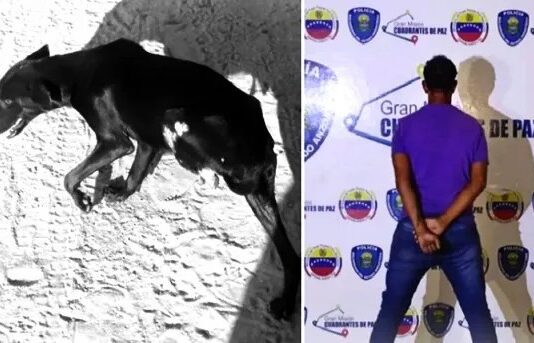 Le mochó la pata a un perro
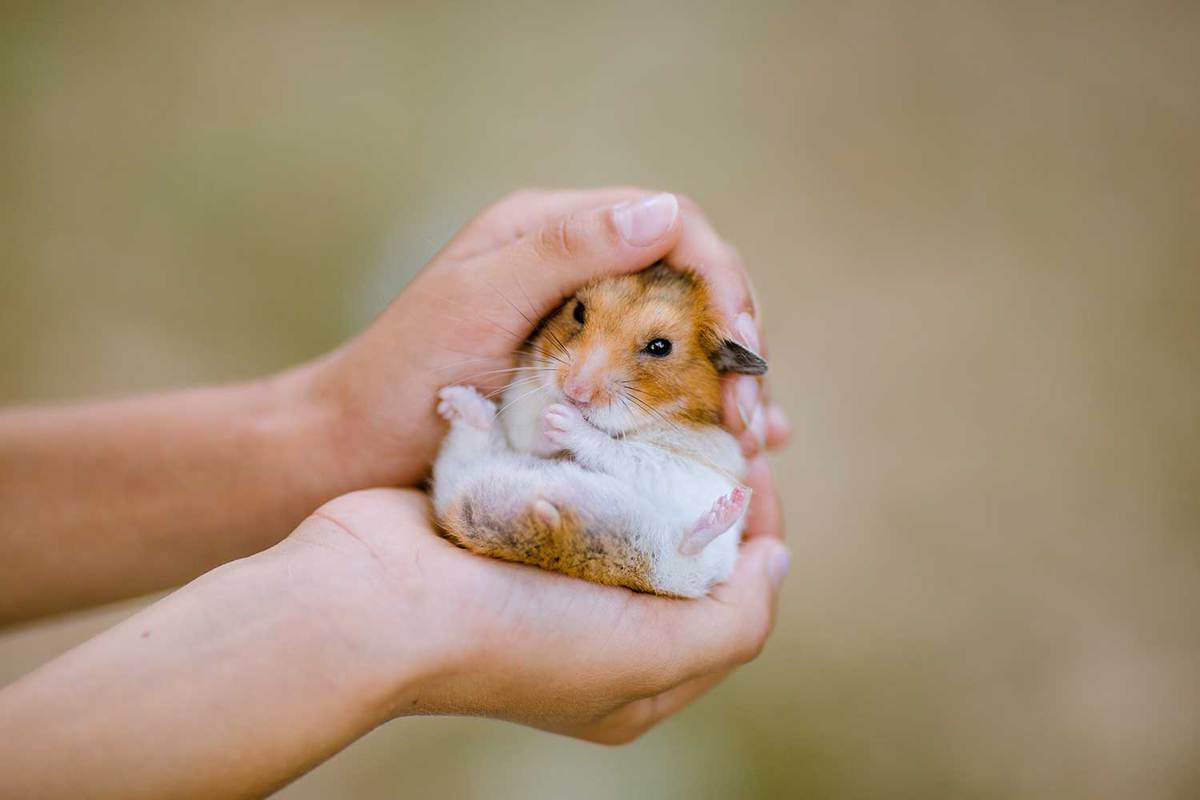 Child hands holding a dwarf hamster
.....
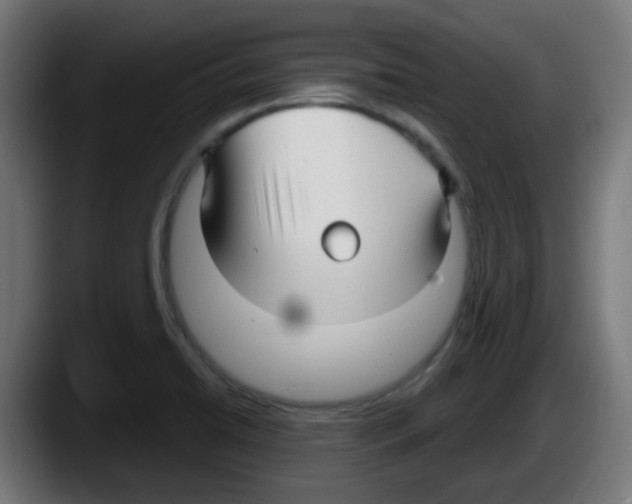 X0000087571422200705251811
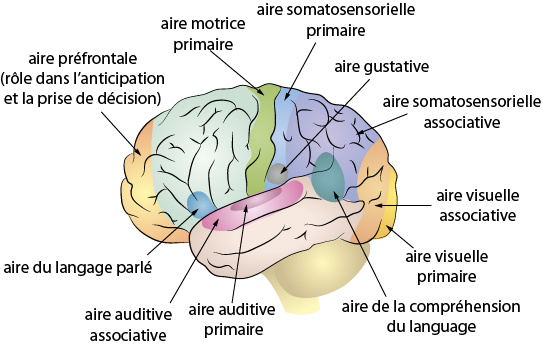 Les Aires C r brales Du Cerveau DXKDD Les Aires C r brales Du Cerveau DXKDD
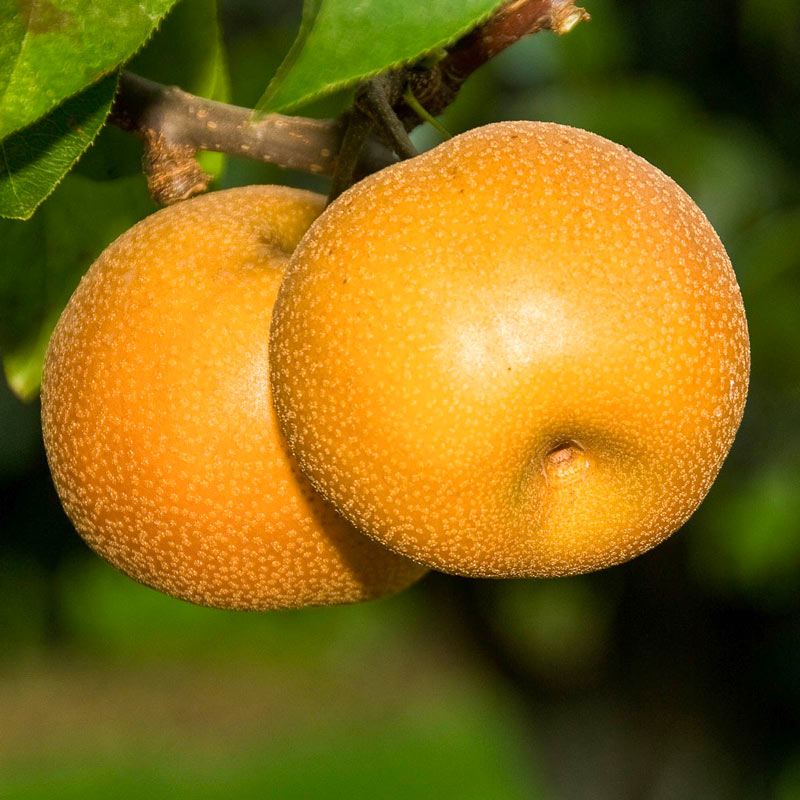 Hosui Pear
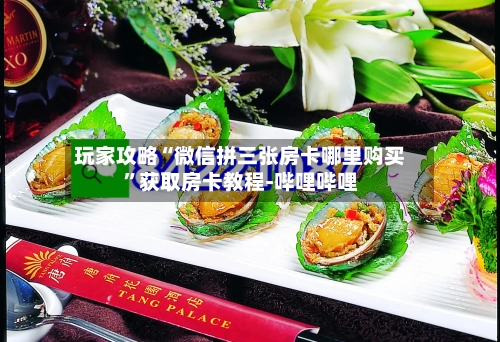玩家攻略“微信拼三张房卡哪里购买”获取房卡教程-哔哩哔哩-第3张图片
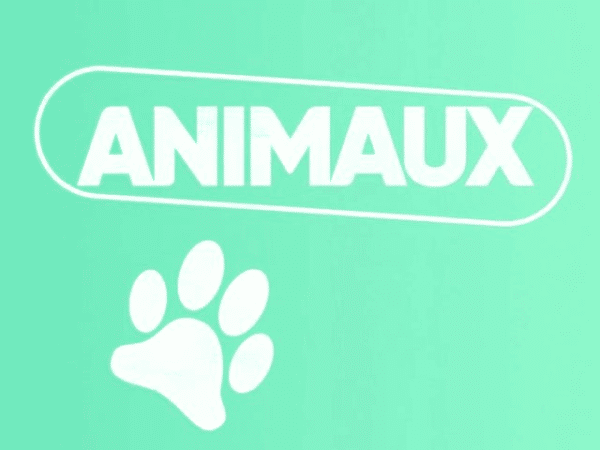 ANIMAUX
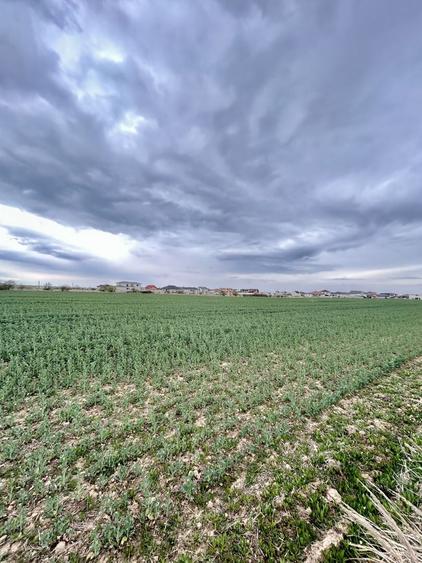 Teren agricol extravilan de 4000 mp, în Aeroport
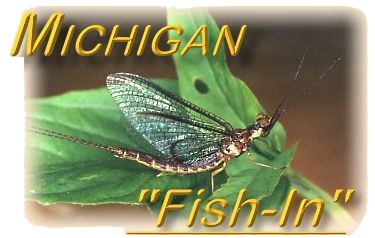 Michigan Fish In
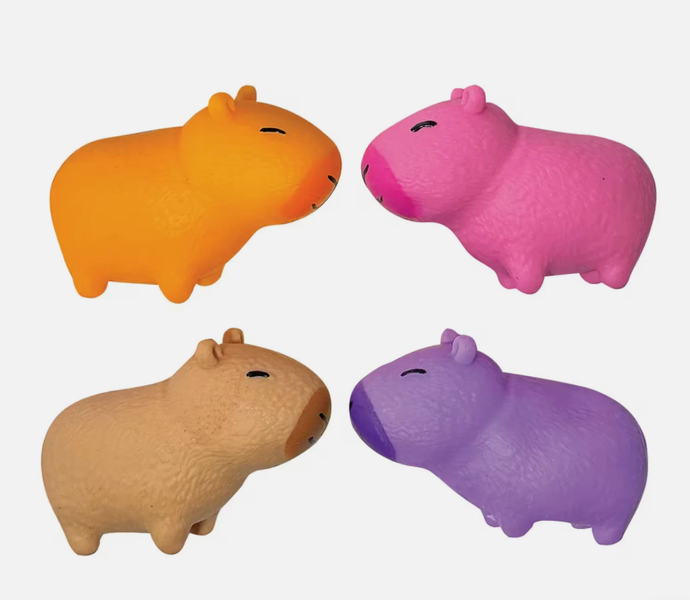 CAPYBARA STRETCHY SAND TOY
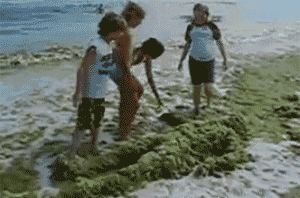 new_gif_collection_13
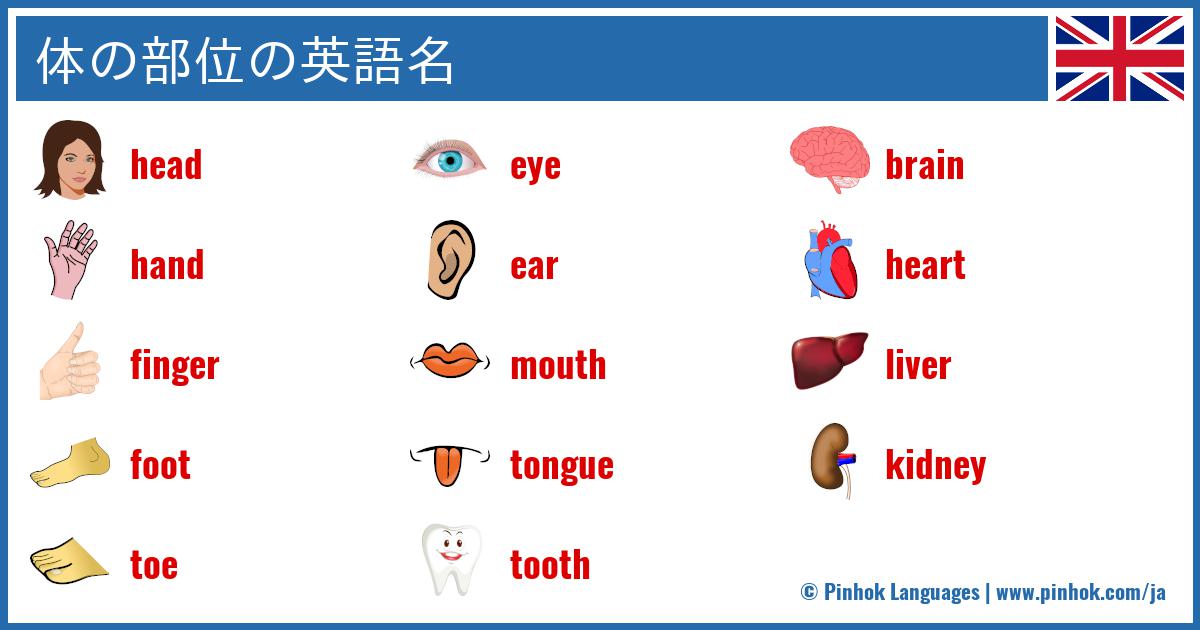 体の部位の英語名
.....
== Task requirements ==
When you reach the line holding "Le mochó la pata a un perro" in the listing above, begin retyping exactly, and stop once the line holding "Child hands holding a dwarf hamster" is done; pictures stay out.

== Result for this task ==
 Le mochó la pata a un perro
 Child hands holding a dwarf hamster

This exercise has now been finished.